A primeira resposta sobre a cor do fatídico vestido sempre vem acompanhada de um tom de obviedade. É inimaginável que aquilo que vemos não seja real, que outra pessoa em sã consciência veja outra cor. Inicialmente a pergunta nem faz sentido. Mesmo quando nos dizem que metade da população mundial vê outra cor, nossa reação é de incredulidade e de desconfiança de estarmos em algum tipo de pegadinha.
Para um torcedor, no entanto, a situação não deveria parecer nem um pouco estranha. Na verdade, estranho seria se todos vissem a mesma cor na maldita imagem. Todo dia um corinthiano vê méritos em seu time, sua torcida e sua diretoria, enquanto palmeirenses veem sorte, exagero e trapaças nos mesmos fatos. Num maracanã lotado aqueles com vestidos camisas rubro-negras enxergam um lance normal enquanto aqueles que tem a cruz de malta no peito sabem que o desarme foi faltoso. Não é a percepção de cada um que é diferente: é a realidade que muda. Tanto é verdade que quanto mais se vê replays do lance, quanto mais ângulos estão disponíveis, mais se tem certeza de ter visto certo da 1a vez.
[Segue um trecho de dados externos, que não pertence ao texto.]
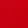 Ruffle Hem Ponte And Cotton Jersey Bandeau Top (red)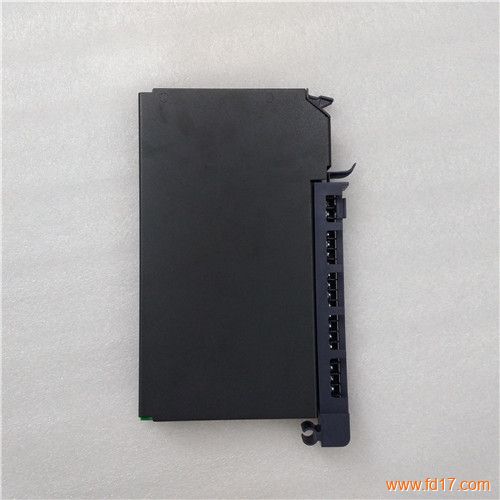 EMERSON��Ĭ��CE4003S2B6������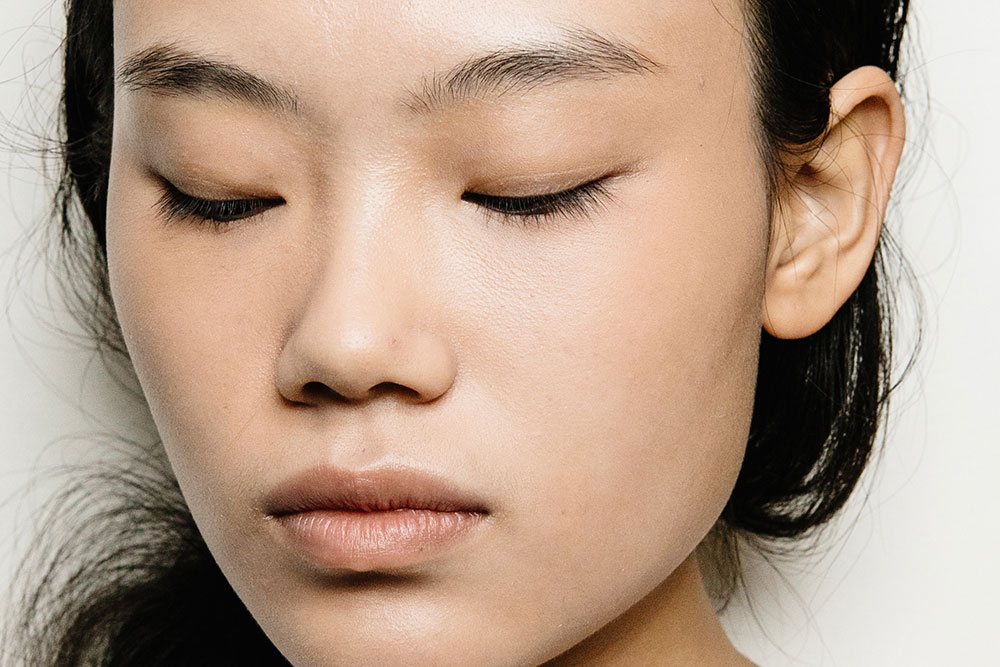 A Dermatologist Explains How Many Skincare Products Are Too Many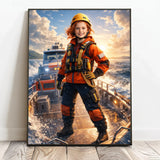 30x40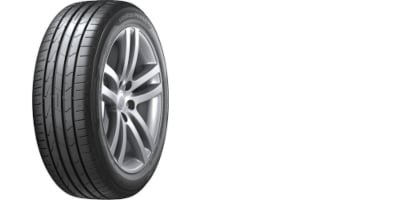 Hankook Ventus Prime3 K125 letní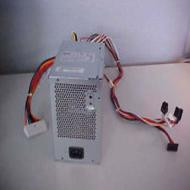 DPS-375CB A - IBM 375W Server Power Supply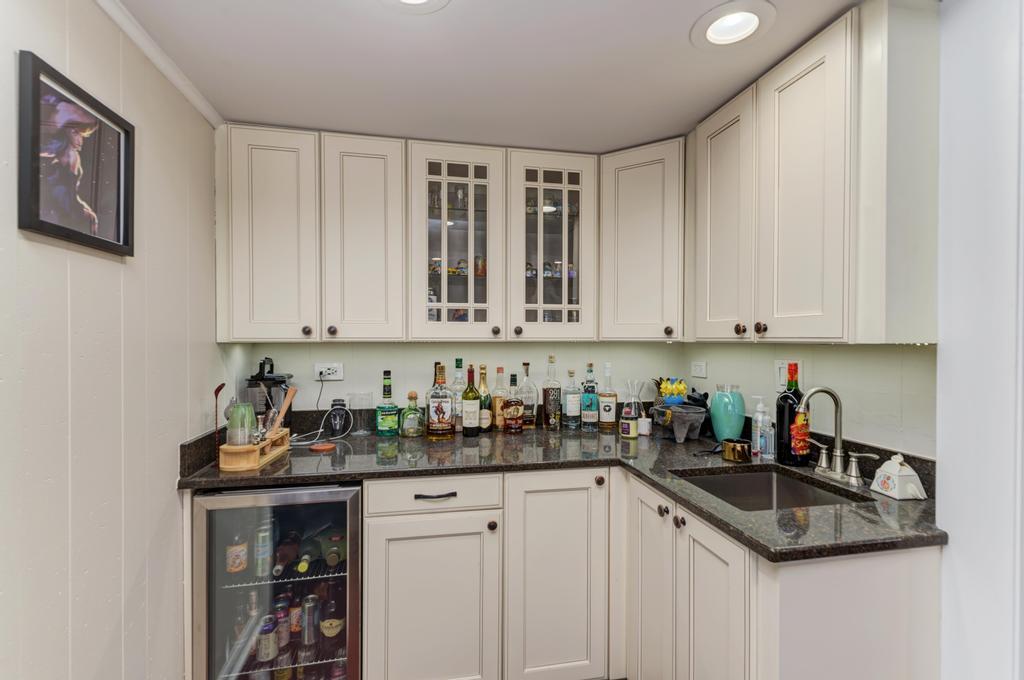 1030 West Kendall Terrace Addison, IL 60101 - Photo 26 of 56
Quem nunca cansou de ver e rever seu time ser roubado de todas as câmeras possíveis e enlouqueceu com o rival afirmando que o juiz acertou, só para na semana seguinte estar no lado oposto da discussão? Pelo menos uma vez por rodada todo torcedor acusa seus adversários de estarem loucos por verem uma posição ilegal num lance indubitavelmente regular. E por mais que saiba que se a situação fosse a contrária provavelmente mudaria de opinião, não consegue ver o impedimento naquele. Todo estádio de futebol nos apresenta inúmeros vestidos a cada quarta e domingo e para aqueles acostumados a ver torcedores discutindo não deveria ser estranho ver pessoas inconformadas com a discordância alheia a respeito da cor de uma foto.
O que me assusta nesse maldito vestido, no entanto, não é o desacordo sobre suas cores, mas sim como de repente o vemos mudar. Com certeza você já ouviu alguém contar como viu preto-e-azul, entrou no banho e na volta só conseguia enxergar dourado-e-branco (se é que isso não aconteceu com você quando decidiu dar mais uma olhadinha nele antes de dormir). Se a realidade pode se alterar de forma tão deliberada em relação ao vestido, pode fazê-lo para qualquer coisa. Imagine assistir a um clássico e só conseguir ver faltas pro seu rival? Começar a achar que as declarações do seu ídolo não são espontâneas e originais, mas jogadas de marketing do tipo mais barato e raso? E se ao abrir o jornal a impressão que se tivesse fosse de que a imprensa deixou de cornetar o seu clube e agora o protege e elogia de maneira não merecida? E se de repente você começasse a concordar com os torcedores rivais e ver como eles têm razão em cada uma de suas opiniões, tornando-se incapaz de discordar até a morte com eles?
Melhor não olhar mais para esse vestido.